Part 1 – Upload Synchronization where the Client and Server Primary Keys are different


Intrigued by this post Strategies for retrofitting existing databases with sync in the Sync Forums, I decided to write a short test if this could be done.

This is not an uncommon scenario when retrofitting existing databases for synchronization where a lot of times we don’t have the flexibility to re-design the table schemas to make them work with Sync Framework. And this is further complicated by the ease of use of using Identity columns as Primary Keys (mostly with the same seed value). However, when the eventual aggregation/consolidation of multiple client databases into a central store is not taken into consideration, this results to primary key collisions in the central store.

To summarize the scenario in the forum post, there are multiple client databases whose primary key is based on an identity column. Naturally, when this multiple client databases are aggregated/consolidated to a central store, the PK values will collide. As a workaround, a composite PK is implemented on the central table not only to guarantee uniqueness but to identify which client a particular row has come from.

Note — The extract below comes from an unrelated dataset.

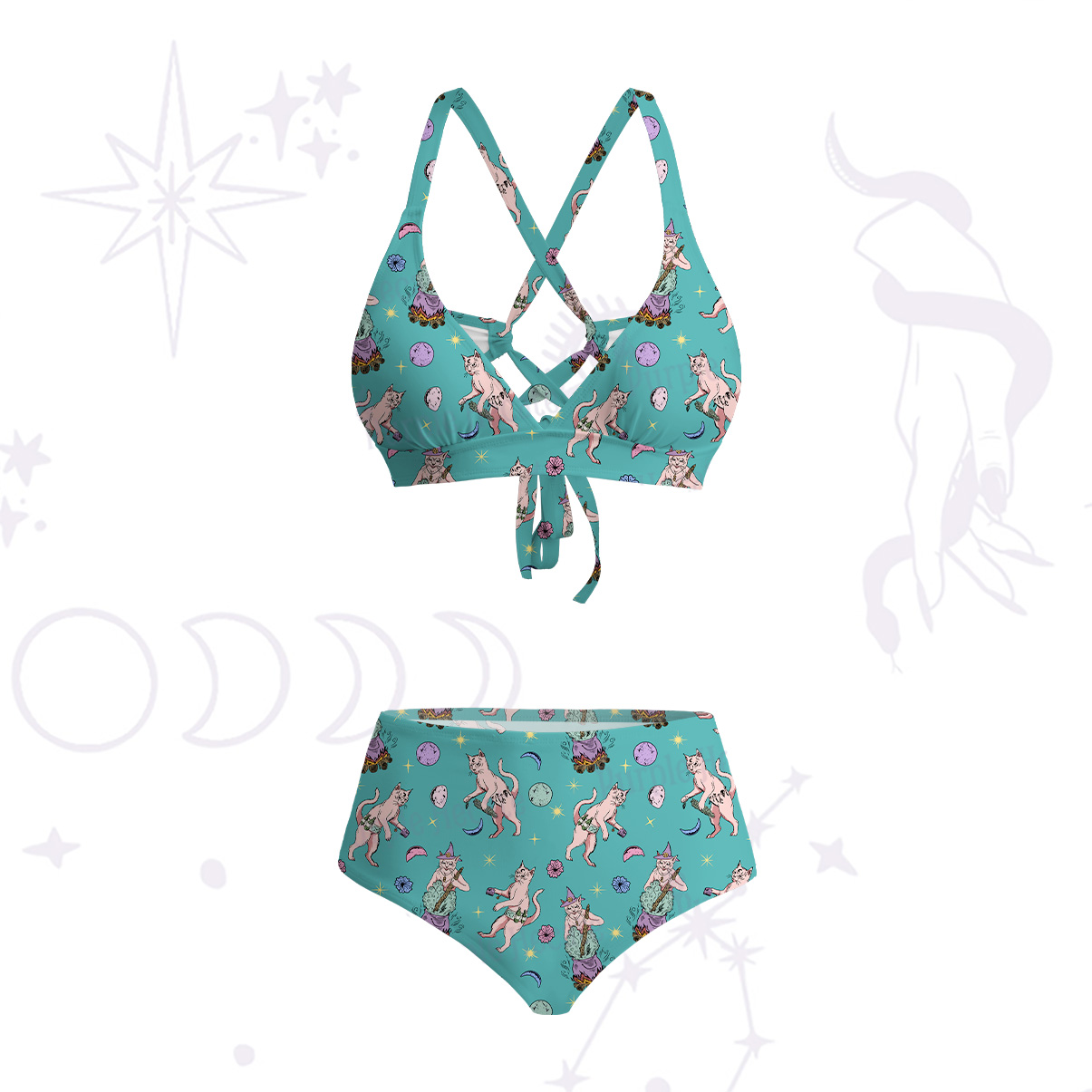Purplehecate Cat Coven Crisscross Tie-Back Bikini Set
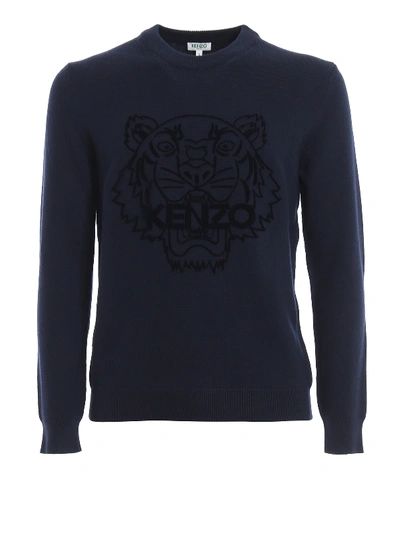 Kenzo Flocked  Tiger Wool Sweater In Dark Blue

So let me share how to go about doing an Upload only scenario where the Client and Server have different PKs and address the scenario being asked in the forum post above.

Here’s the SQL script to represent the client table:

Code Snippet
  1. SET ANSI_NULLS ON
  2. GO
  3.  
  4. SET QUOTED_IDENTIFIER ON
  5. GO
  6.  
  7. SET ANSI_PADDING ON
  8. GO
  9.  
  10. CREATE TABLE [dbo].[testtable](
  11.     [id] [int] IDENTITY(1,1) NOT NULL,
  12.     [testcolumn] [varchar](50) NULL
  13. CONSTRAINT [PK_testtable] PRIMARY KEY CLUSTERED
  14. (
  15.     [id] ASC
  16.   )WITH (PAD_INDEX  = OFF, STATISTICS_NORECOMPUTE  = OFF, IGNORE_DUP_KEY = OFF, ALLOW_ROW_LOCKS  = ON, ALLOW_PAGE_LOCKS= ON) ON [PRIMARY]
  17. ) ON [PRIMARY]
  18.  
  19. GO
  20.  
  21. SET ANSI_PADDING OFF
  22. GO

Note the Identity column used as the Primary Key

Here’s the SQL script to represent the table where the different client databases will be uploaded:

Code Snippet
  1. SET ANSI_NULLS ON
  2. GO
  3.  
  4. SET QUOTED_IDENTIFIER ON
  5. GO
  6.  
  7. SET ANSI_PADDING ON
  8. GO
  9.  
  10. CREATE TABLE [dbo].[TestTable](
  11.     [ClientId] [uniqueidentifier] NOT NULL,
  12.     [Id] [int] NOT NULL,
  13.     [testcolumn] [varchar](50) NULL
  14. CONSTRAINT [PK_TestTable] PRIMARY KEY CLUSTERED
  15. (
  16.     [ClientId] ASC,
  17.     [Id] ASC
  18.   )WITH (PAD_INDEX  = OFF, STATISTICS_NORECOMPUTE  = OFF, IGNORE_DUP_KEY = OFF, ALLOW_ROW_LOCKS  = ON, ALLOW_PAGE_LOCKS= ON) ON [PRIMARY]
  19. ) ON [PRIMARY]
  20.  
  21. GO
  22.  
  23. SET ANSI_PADDING OFF
  24. GO

Note the composite Primary Key which is based on the client’s original Id column and a ClientId GUID to uniquely identify each client.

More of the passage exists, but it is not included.